> [INSTRUCTIONS TO FOLLOW] Retype, word for word, every line from the one holding "Smart TV, chimenea, tenis de mesa y libros" through the one holding "Oh man my small" in the entries below, both included, and only those lines.
### DATASET ###
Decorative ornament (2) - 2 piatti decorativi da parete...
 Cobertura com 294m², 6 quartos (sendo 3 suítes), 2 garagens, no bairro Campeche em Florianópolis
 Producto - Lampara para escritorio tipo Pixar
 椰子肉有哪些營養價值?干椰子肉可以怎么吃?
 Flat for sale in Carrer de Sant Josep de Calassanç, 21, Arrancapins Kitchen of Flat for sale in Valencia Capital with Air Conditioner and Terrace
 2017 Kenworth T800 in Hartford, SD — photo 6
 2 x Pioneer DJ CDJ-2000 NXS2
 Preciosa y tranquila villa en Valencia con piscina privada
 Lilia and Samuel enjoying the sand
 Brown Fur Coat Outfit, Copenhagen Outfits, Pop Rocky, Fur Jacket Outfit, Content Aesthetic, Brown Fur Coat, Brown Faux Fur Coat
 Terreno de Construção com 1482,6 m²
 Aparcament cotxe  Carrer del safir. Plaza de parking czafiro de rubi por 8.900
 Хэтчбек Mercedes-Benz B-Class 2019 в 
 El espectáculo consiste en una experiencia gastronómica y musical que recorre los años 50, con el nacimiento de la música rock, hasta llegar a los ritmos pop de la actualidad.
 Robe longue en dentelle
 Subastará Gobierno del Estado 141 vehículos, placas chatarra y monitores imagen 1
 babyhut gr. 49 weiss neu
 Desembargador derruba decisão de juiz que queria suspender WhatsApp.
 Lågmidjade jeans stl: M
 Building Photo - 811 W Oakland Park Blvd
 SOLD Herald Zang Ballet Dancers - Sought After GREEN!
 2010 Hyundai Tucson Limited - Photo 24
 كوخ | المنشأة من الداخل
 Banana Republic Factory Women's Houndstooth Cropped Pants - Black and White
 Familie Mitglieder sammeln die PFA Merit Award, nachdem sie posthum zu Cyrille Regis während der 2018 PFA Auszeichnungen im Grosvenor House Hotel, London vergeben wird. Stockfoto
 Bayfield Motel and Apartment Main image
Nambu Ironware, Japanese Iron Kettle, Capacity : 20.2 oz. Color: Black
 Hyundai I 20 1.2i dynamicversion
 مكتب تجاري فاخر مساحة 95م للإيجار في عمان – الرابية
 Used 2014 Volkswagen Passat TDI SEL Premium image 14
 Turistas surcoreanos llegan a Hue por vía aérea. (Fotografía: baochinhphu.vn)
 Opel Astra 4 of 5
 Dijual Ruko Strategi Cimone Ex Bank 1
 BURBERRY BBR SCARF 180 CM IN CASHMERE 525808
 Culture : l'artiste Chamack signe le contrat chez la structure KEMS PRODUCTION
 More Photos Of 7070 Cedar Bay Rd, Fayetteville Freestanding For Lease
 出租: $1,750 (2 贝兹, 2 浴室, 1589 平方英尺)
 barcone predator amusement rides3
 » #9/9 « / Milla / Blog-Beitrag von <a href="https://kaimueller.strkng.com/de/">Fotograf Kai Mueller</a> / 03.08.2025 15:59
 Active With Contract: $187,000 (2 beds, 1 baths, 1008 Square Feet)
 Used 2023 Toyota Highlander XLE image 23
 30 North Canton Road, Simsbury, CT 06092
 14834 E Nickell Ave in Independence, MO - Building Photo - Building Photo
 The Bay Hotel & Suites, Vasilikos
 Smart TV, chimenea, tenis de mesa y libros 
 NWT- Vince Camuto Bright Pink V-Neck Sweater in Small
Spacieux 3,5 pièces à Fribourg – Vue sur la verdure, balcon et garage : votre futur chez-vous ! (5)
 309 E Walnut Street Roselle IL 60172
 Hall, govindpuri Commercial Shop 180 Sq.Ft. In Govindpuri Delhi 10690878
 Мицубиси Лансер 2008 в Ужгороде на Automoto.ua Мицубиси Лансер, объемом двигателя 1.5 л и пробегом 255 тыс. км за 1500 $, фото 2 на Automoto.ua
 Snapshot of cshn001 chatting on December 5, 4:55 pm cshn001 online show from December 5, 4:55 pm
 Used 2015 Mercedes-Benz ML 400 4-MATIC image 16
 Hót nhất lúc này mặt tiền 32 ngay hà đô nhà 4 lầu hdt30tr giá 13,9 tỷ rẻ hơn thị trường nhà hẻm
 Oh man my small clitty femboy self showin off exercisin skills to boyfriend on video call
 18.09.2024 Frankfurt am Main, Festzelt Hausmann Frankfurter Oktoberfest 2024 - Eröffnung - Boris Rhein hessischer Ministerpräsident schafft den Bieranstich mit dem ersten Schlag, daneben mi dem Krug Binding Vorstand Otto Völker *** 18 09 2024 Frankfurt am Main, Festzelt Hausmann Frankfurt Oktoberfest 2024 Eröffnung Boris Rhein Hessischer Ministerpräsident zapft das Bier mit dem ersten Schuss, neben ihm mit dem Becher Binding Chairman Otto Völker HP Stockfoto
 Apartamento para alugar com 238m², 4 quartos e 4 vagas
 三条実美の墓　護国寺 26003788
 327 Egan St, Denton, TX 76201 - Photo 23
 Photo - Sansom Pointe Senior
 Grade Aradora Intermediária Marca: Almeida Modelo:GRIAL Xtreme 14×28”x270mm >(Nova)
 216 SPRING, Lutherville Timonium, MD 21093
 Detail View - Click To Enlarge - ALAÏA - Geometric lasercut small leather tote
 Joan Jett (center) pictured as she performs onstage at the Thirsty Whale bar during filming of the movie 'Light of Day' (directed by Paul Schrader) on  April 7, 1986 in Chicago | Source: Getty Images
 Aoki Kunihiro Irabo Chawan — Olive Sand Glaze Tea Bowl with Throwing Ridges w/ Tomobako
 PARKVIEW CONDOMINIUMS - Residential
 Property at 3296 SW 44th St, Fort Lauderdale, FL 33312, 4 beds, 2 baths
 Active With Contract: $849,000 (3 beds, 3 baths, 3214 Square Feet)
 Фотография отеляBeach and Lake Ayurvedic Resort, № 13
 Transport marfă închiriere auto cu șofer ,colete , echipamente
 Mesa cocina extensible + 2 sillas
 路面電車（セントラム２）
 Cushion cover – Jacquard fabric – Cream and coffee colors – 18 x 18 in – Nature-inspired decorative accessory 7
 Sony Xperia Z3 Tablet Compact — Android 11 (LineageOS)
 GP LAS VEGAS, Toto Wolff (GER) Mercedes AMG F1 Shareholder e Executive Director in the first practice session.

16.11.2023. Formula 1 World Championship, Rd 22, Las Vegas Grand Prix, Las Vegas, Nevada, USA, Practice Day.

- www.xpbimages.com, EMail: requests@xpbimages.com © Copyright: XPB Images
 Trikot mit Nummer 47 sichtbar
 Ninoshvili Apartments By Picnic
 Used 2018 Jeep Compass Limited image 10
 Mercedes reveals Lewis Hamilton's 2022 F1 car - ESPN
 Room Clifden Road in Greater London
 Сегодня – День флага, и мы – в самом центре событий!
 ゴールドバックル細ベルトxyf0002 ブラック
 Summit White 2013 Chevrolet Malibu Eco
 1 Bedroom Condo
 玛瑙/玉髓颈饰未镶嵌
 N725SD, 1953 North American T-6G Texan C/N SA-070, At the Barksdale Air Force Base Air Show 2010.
###
> [ANSWER SPACE]
 Smart TV, chimenea, tenis de mesa y libros 
 NWT- Vince Camuto Bright Pink V-Neck Sweater in Small
Spacieux 3,5 pièces à Fribourg – Vue sur la verdure, balcon et garage : votre futur chez-vous ! (5)
 309 E Walnut Street Roselle IL 60172
 Hall, govindpuri Commercial Shop 180 Sq.Ft. In Govindpuri Delhi 10690878
 Мицубиси Лансер 2008 в Ужгороде на Automoto.ua Мицубиси Лансер, объемом двигателя 1.5 л и пробегом 255 тыс. км за 1500 $, фото 2 на Automoto.ua
 Snapshot of cshn001 chatting on December 5, 4:55 pm cshn001 online show from December 5, 4:55 pm
 Used 2015 Mercedes-Benz ML 400 4-MATIC image 16
 Hót nhất lúc này mặt tiền 32 ngay hà đô nhà 4 lầu hdt30tr giá 13,9 tỷ rẻ hơn thị trường nhà hẻm
 Oh man my small clitty femboy self showin off exercisin skills to boyfriend on video call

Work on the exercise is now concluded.